I didn't stay long at my mother's this
morning. She had called in a panic because she was going to have to
wear her underwear for a second day. I told her I had all her clean
laundry and was bringing it to her this morning.
On the way to her apartment, I passed Elise's
apartment. Elise is 98 and doubled over from that old age hump that I
am in the process of getting. Her door was open and I could see she
was sorting her laundry, getting ready to take it a few steps to the washing
machine to wash it.
My mother was delighted to see me and
apologized over and over again for making me do her washing, but she just
didn't want to wear dirty underwear. I told her if she got desperate
she could walk a few steps to the washing machine and do the washing
herself...or I could get the crippled 98 year old to show her how to do it.
She pretended she had not heard me.
I'm afraid my 3+ weeks at Mallard Point did
bad things to me. Many of the people there seem to be in worse
physical condition than those at Atria, yet you met all of them, sooner or
later, washing their clothes.
My mother is 95, physically in better shape
than I am, and does nothing all day long. It's not that I mind
doing things for her, but I am starting to get angry for doing her laundry
when she could do it easily herself.
Later, we were talking about something and I
mentioned the rain yesterday. She was surprised. It rained
yesterday? She knew nothing about it.
She sits in a chair all day long
staring out a window, she says she watches the news, and the stormageddon
has been banner headlines in the paper she reads "cover to cover" every day,
but she had no idea it had rained all. day. yesterday.

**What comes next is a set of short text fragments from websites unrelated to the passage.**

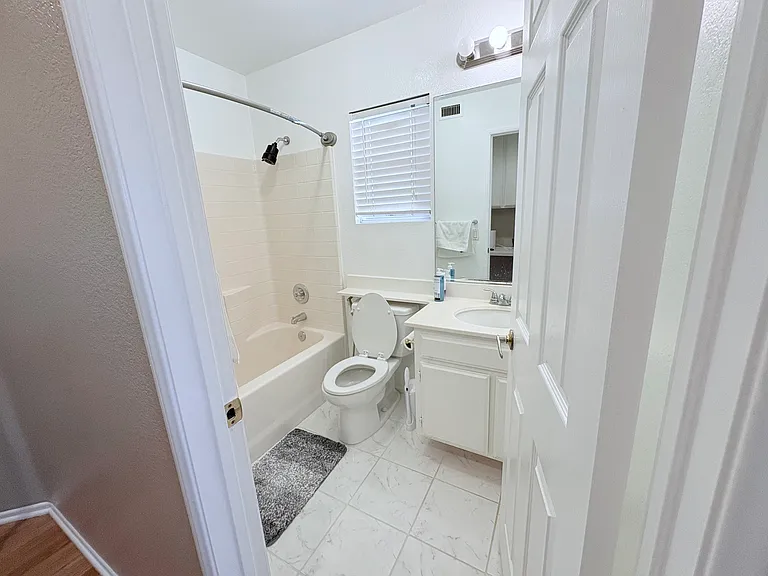 28048 Memory Ln — Photo 16
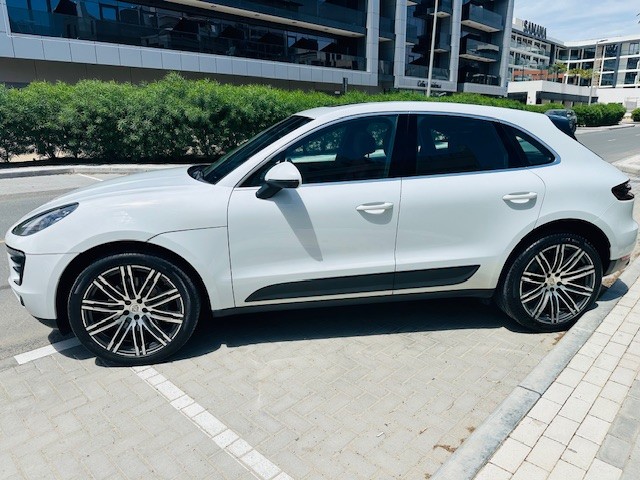 2017 Porsche Macan S 3.0 V6 thumbnail 3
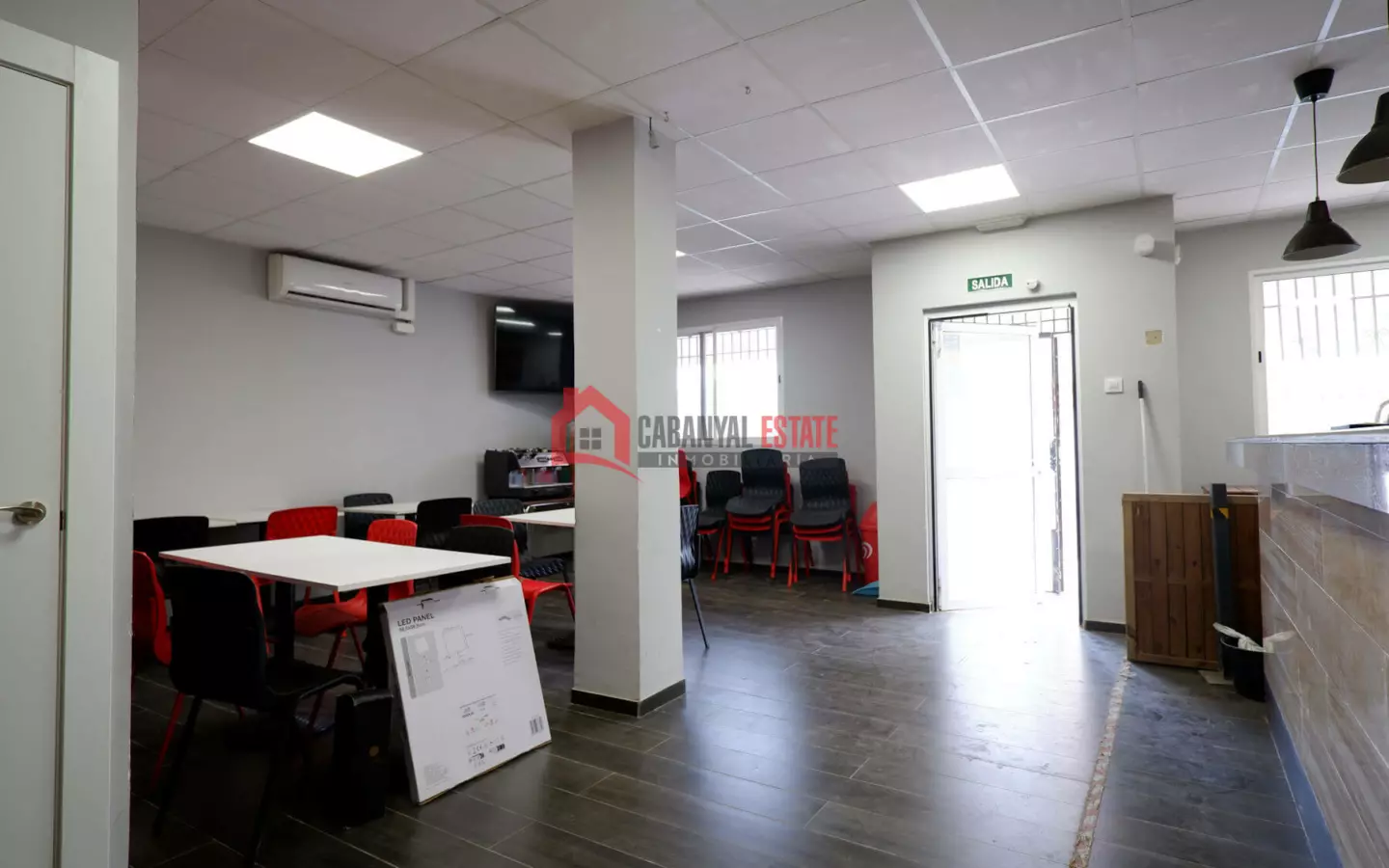 Commercial Premises In Sagunto (134 M²)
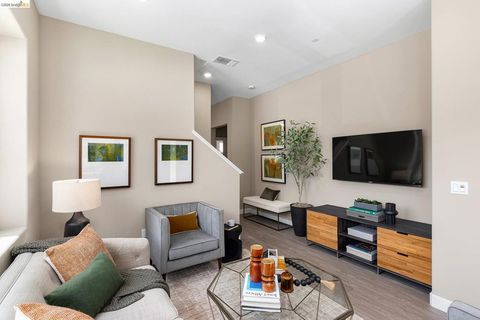 Photo of 28924 Parkridge Loop Loop #103, Hayward, CA 94544 (MLS # 41129401)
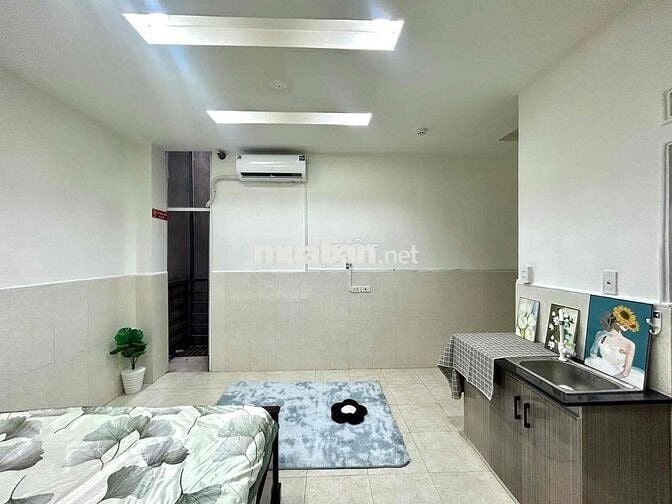 Nằm ngay trung tâm tiện di chuyển qua Q1,3,5,10,11 Gần Hồng Bàng Cây G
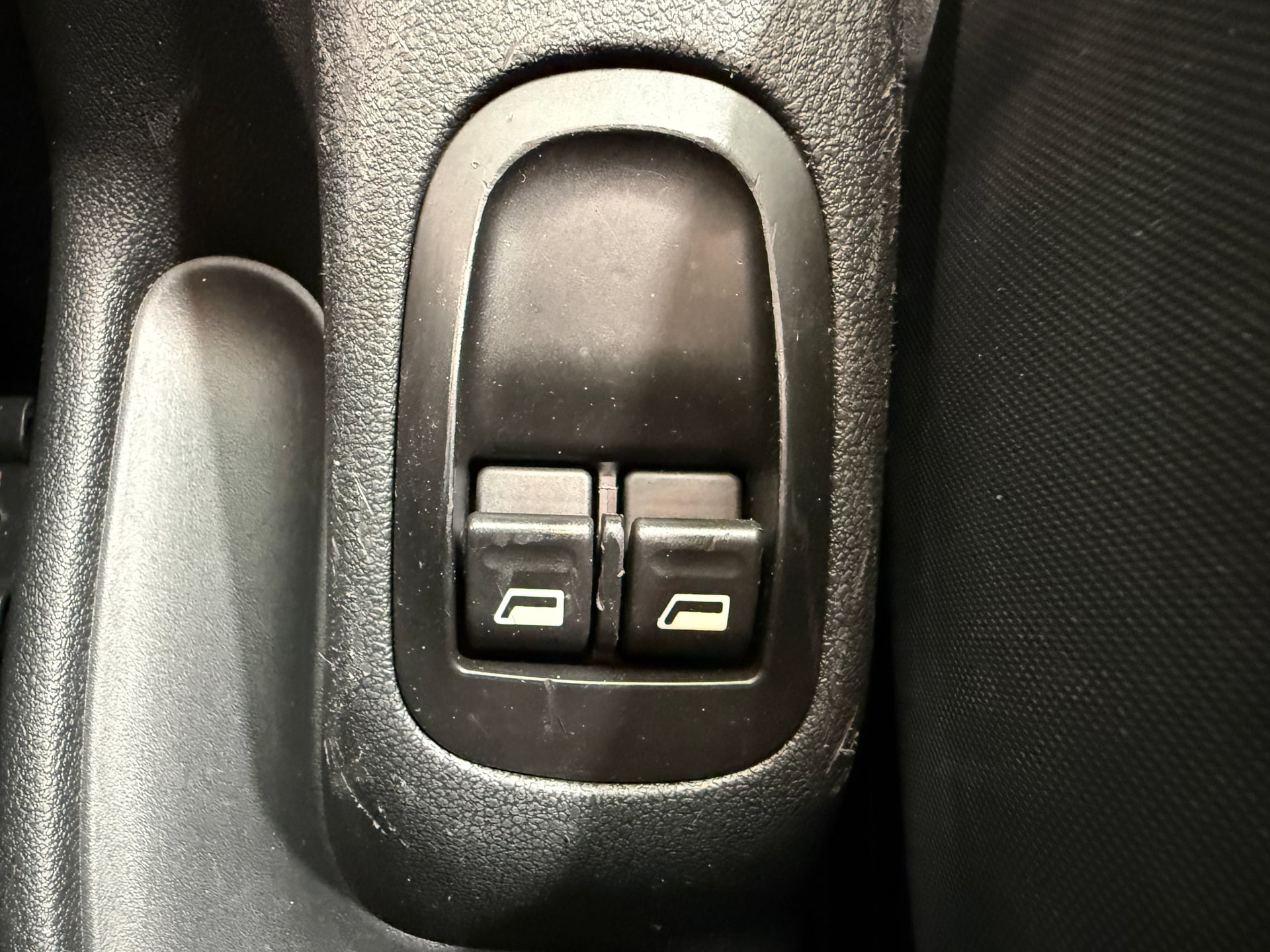 Peugeot 206+ 1.1 60 URBAN 3P — 18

I know that's her dementia, but washing her
clothes isn't necessarily tied to her dementia. I am angry with myself
that I am starting to be mad at her for her refusal to take responsibility
for anything in her life.
I pointed out to her that she really needed a
haircut. She got that coy smile she uses when you know she isn't going
to do anything and she said "I'm thinking about it." I told her she
looked terrible, like the Wicked Witch of the West.
I decided I'm not going to bug her about her
hair. I'm going to leave it to her to decide when to have it done.
This is the woman who had her hair done every week before she moved
to Davis. Who always looked like a model, with never a hair out of
place. Now it's long and stringy and fly-away. She looks like my
only memory of my great grandmother, whose appearance terrified me.
And it makes me angry that she doesn't care.
If I make a big deal out of it she will just
sign and say "you know...when you're pushing hunnert...." and use that as
her excuse for doing NOTHING.
My appointment with a therapist is on Monday
and believe me it can't come soon enough. I have to reach mental peace with
my mother or our last years together are going to be terrible. I need
a place to get out all the anger and frustration I feel about her in a safe
environment and learn coping skills.
I thought I had them and though I got
frustrated with her, things were more or less OK until I went to Iowa.
But seeing all those old people caring for themselves made me look at my
mother in a different light and I don't like the light I'm seeing her in.
I need help if I'm to get through her last
years without ruining our 71 year relationship.
In other news, I took my desktop computer to
my guru, who did NOT make me feel like an idiot (yet), but he did talk to me
about something called "virtual computer," which would make it possible for
me to get a newer computer and still run the programs I rely on which aren't
compatible with the newer operating systems.